Adi Osovsky, a Harvard SJD candidate, has written The Misconception of the Consumer as a Homo Economicus: A Behavioral Economic Approach to Consumer Protection in the Credit Reporting System, forthcoming in the Suffolk University Law Review. Here's the abstract:
The significant increase in the number of consumer transactions, along with the expansion of information technology, have created massive amounts of detailed information on each individual's credit history. Consumer credit reporting agencies ("CRAs") play an important role in this financial information market.

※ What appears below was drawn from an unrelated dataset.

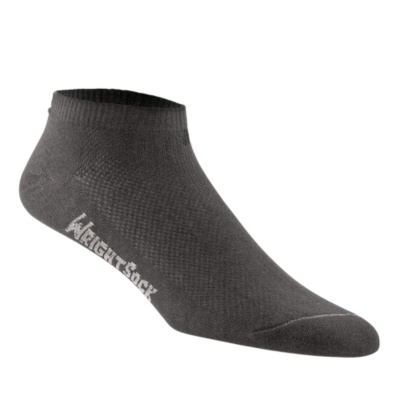 Wrightsock Mens / Womens Coolmesh Double Layer Lo-Quarter Socks, 2 Pair Pack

Although the credit reporting system has significant economic benefits, CRAs have a tarnished reputation as far as consumer protection is concerned. While making their business out of gathering, compiling and analyzing consumers' information, CRAs generally do not have privity of contract with those very same consumers and thus have little or no incentive to protect consumers' privacy and ensure the accuracy of every single credit report. Such lack of incentive has resulted in numerous consumer problems, including inaccuracies in credit reports and erroneous credit scores; infringement of consumers' right to privacy; contribution to the prevalence of identity theft; and the creation of a fertile ground for consumer manipulation through targeted marketing lists.

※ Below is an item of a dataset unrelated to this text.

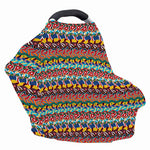 Afro African Ethnic Pattern Print Baby Seat Cover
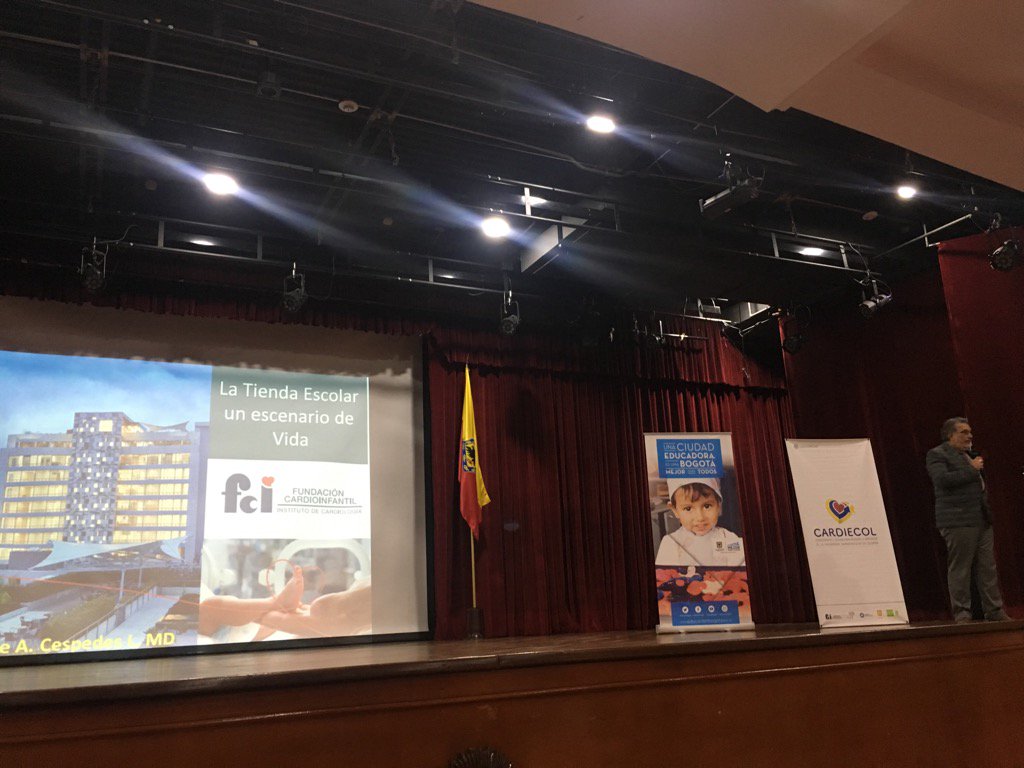 nirodrigu18's tweet photo. Dr Cespedes @fcardioinfantil y @Cardieco_col invita a cambio #hábitos para mejorar #salud y #calidaddevida https://t.co/EQ0iTH4a8J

This paper suggests that the current regulatory system has been captivated by the misconception of the consumer as Homo Economicus. Existing regulation has given consumers a significant role in facilitating the production of more accurate credit, envisioning rational, vigilant and alert consumers, who regularly monitor their credit reports, dispute errors and opt-out from marketing lists. However, studies have shown that consumers' rationality in decision making is in fact doubtful, and so too is the justification of imposing monitoring responsibilities on consumers.

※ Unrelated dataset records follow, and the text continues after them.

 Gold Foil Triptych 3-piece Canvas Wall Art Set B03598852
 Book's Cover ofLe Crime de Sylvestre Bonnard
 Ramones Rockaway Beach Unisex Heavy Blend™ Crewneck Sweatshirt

The paper challenges the economic regulatory approach through the behavioral economic approach – a relatively new model that aspires to explain consumers' biases and cognitive limitations, which are absent in the standard economic framework. The paper then explores two potential consumer protection mechanisms, drawn from the behavioral economic framework: applying psychological tools, such as disclosure and framing, for a better designed system; and enhancing consumer financial literacy.